Goober-natorial Race

September 1, 2005 by  
Filed under Edit

If Richard F. Friedman – aka Kinky and the Kinkster – is elected governor of Texas, he will have some big boots to fill. Yes, he would become the first Jewish governor of the state, the first professional musician and the first composer to write songs with lines such as, “To get to hell, you have to go through D/FW Airport.” But he won’t be the first gadfly, jokester or weirdo to become president and/or governor of Texas. Actually, Friedman would join a long line of – how can I put this? – peculiar leaders of Texans.

We’ve had ranchers, lots of lawyers, a former prisoner of war, arch Rebels and equally arch Unionists, oil drillers and, worst of all, journalists: Gov. Will Hobby was editor of The Houston Post. Another governor-to-be, Ross Sterling, owned that same paper. Both Price Daniel and Oscar Branch Colquitt were newspaper publishers. Colquitt was considered a reformer when, after his election in 1910, he abolished use of the bullwhip in Texas prisons, but what else can we expect from theliberalmedia? W. Lee O’Daniel was a flour salesman turned radio star who once fired the Light Crust Doughboys, including Bob Wills. O’Daniel was the only governor who could not vote for himself, having refused to pay the required poll tax.

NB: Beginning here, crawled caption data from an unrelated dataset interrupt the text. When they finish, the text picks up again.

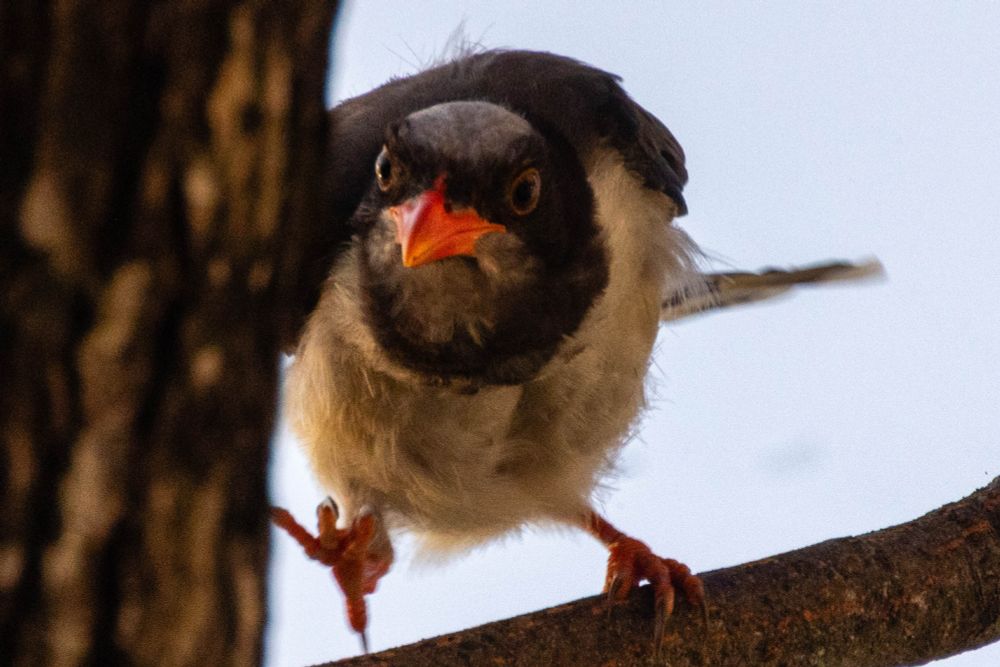 Red-billed blue magpie perched on a branch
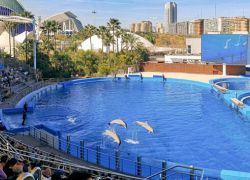 Oceanografic Valencia in Valencia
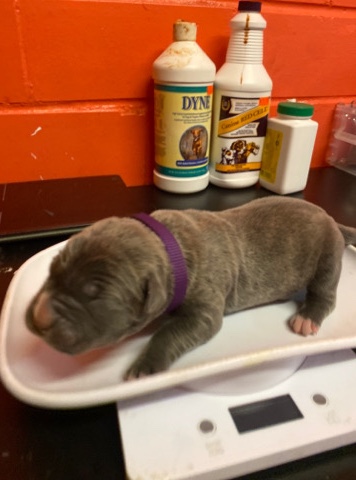 Cane Corso – Italian mastiff puppies(cane corso)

Dolph Briscoe Jr. of Uvalde was the largest individual land owner in Texas – and one of the richest. Bill Clements was so wealthy he paid to have the Governor’s Mansion re-done. Jim Hogg was so poor that when he left office, he had to borrow money to move his furniture out of the Governor’s Mansion. Later he invested in the Spindletop oil field and became enormously wealthy. John Connally was shot by Lee Harvey Oswald but survived. Beauford Jester, who had the perfect name for a Texas governor, was the only one to die in office. Actually, he died in a Pullman as the train came into Houston. Lt. Gov. Allan Shivers took over for Jester and had the distinction of serving as governor longer than any other person in Texas history – seven years, six months and four days. George W. Bush was the only Texas governor to become a U.S. president, but Sam Houston was elected president (of Texas) before he was elected governor.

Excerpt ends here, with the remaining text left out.